Du côté de Goldman Sachs, 56% des participants à la phase de poule ont été correctement classés dans leur groupe et 81% des qualifications ont été prédites avec justesse. Ainsi, l’erreur ne concerne que trois équipes : l’Allemagne, l’Arabie Saoudite et la Pologne ne sont pas qualifiées, tandis que la Suède, la Russie et le Japon ont joué en huitièmes de finale. Le Groupe UBS, quant à lui a annoncé que son modèle était juste à 66%. Son trio gagnant s’est révélé faux, mais sa recommandation reste toujours pertinente : regarder avec attention la France, l’Angleterre et la Belgique, tous trois considérés alors comme des challengers. En revanche, ni Goldman Sachs ni UBS n’avait vu venir la Croatie.

En résumé, les modèles ont deviné l’évidence et ignoré la singularité. De quoi faire sourire, une fois encore, Nassim Nicholas Taleb, ancien courtier en Bourse et auteur du fameux Cygne Noir. Pour lui, notre monde est dominé par « l’inconnu et le très peu probable – et pendant ce temps, nous ne cessons de nous livrer à des bavardages inutiles et de nous focaliser sur le connu et le répété ».

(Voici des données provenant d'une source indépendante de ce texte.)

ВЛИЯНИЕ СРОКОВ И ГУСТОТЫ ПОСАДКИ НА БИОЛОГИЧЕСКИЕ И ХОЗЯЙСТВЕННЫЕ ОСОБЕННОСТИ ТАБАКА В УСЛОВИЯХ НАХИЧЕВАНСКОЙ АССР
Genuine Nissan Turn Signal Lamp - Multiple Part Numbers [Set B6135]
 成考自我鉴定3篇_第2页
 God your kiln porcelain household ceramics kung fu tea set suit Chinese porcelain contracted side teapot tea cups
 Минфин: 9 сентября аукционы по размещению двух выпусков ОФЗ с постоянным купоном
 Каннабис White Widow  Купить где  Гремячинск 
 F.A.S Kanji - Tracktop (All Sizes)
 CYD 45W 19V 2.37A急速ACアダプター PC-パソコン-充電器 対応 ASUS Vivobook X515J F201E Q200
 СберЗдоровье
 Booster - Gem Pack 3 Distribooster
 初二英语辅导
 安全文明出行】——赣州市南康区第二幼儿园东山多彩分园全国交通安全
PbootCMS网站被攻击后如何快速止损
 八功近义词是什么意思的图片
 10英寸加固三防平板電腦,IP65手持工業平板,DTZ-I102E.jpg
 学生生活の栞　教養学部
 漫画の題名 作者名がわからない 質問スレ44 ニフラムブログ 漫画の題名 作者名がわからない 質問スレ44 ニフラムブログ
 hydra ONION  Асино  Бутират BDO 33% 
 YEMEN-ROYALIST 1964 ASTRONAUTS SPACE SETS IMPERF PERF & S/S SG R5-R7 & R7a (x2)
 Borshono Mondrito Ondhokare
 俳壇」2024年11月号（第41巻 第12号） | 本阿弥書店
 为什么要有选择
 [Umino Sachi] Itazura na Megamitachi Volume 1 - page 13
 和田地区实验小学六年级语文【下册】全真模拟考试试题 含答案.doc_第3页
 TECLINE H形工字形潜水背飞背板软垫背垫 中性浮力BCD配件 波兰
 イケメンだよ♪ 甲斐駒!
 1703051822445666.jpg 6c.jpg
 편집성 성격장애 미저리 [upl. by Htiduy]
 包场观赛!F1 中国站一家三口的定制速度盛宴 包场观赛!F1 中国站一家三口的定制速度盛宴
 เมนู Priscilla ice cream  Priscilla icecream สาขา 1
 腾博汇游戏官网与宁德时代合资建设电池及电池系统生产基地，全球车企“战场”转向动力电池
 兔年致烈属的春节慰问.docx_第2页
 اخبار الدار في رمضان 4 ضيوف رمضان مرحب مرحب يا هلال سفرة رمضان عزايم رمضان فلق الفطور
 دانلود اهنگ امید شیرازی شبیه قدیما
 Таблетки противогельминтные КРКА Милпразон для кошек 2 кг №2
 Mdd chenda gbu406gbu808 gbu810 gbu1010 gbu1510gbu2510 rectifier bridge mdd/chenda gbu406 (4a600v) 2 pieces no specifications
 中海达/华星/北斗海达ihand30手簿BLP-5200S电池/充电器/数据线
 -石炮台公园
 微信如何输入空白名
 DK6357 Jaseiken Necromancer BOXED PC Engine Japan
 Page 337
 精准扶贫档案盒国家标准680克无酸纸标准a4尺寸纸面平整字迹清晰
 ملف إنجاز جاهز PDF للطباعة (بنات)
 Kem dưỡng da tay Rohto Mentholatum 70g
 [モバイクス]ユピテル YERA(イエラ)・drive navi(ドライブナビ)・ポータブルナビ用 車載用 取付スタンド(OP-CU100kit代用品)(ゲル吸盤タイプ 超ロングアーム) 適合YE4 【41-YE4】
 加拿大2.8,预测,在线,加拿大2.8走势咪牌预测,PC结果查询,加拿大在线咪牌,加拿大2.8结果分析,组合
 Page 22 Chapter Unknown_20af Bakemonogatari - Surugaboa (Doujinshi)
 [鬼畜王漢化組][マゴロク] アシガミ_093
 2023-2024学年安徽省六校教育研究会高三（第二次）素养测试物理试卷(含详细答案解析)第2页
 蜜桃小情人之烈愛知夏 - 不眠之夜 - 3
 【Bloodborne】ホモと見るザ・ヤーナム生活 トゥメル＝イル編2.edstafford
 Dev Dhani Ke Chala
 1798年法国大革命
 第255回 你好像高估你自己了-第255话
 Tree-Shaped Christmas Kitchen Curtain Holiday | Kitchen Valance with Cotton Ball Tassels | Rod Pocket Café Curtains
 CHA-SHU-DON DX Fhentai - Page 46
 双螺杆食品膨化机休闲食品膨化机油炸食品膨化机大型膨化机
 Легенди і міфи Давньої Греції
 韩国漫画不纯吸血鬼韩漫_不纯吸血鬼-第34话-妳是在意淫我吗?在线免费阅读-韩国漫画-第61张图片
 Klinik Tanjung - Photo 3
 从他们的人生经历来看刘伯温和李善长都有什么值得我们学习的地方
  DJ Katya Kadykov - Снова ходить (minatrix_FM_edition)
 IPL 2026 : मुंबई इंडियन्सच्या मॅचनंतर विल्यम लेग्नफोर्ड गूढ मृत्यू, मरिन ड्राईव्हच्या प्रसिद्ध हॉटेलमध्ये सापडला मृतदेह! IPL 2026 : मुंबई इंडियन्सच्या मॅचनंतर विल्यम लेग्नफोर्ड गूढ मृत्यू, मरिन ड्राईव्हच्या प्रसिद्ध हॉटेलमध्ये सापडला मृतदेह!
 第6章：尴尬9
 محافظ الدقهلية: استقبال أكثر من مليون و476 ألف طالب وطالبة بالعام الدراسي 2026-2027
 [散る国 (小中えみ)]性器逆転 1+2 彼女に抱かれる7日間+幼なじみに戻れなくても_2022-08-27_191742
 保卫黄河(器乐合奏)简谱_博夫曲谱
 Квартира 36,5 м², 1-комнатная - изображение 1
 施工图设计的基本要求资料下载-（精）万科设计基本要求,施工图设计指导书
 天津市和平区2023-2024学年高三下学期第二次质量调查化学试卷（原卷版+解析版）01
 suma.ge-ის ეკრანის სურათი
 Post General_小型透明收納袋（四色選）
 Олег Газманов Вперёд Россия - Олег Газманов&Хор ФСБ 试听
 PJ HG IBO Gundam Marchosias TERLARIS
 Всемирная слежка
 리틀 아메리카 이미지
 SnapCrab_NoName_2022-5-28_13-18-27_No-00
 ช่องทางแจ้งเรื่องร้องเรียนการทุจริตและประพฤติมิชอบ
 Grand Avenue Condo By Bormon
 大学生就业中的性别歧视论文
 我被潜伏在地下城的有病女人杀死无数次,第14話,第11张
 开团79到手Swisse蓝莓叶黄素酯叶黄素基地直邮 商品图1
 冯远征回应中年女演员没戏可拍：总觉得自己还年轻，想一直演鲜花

Des modèles adaptés à l’imprévu ?

La beauté froide des modèles pourrait vite nous faire oublier que notre monde n’obéit pas seulement à des formules mathématiques… du moins pas celles que nous utilisons aujourd’hui. Les prédictions pour la Coupe du Monde ne sont pas une affaire de certitudes, mais un travail de statistiques et de probabilités fondé sur quatre limites :

  • Une fréquence relativement faible des rencontres, donnant un caractère unique à chacune d’elles. Il n’y a en effet qu’un match le 10 juillet à 20h qui oppose France et Belgique. Cette unicité des événements rend le lien entre modèle probabiliste et observation empirique plus complexe. Ce n’est pas le cas, par exemple, d’un lancer de dés, certes unique, mais plus facilement comparable à un autre lancer.
  • Une grande diversité de paramètres à prendre en compte, difficiles à identifier de manière exhaustive. Qui plus est, le choix et la pondération des paramètres valables pour tel match restent-ils pertinents pour tous les autres ? La pluie influence-t-elle le jeu de l’équipe d’Irlande au même titre que celui de l’équipe du Qatar ?
  • Des scores assez bas si on les compare à d’autres sports, avec des buts qui sont le résultat d’une suite d’actions difficilement modélisable et soumise à un effet papillon : ainsi, une passe, un crochet, une simple faute, l’appel ou non à la VAR peuvent être déterminants, changer le cours d’un match, modifier l’ensemble des pronostics
  • Une exploitation des données passées, mais une absence d’analyse poussée sur la situation présente. Or, nous le savons bien, les résultats passés ne préjugent pas les performances à venir.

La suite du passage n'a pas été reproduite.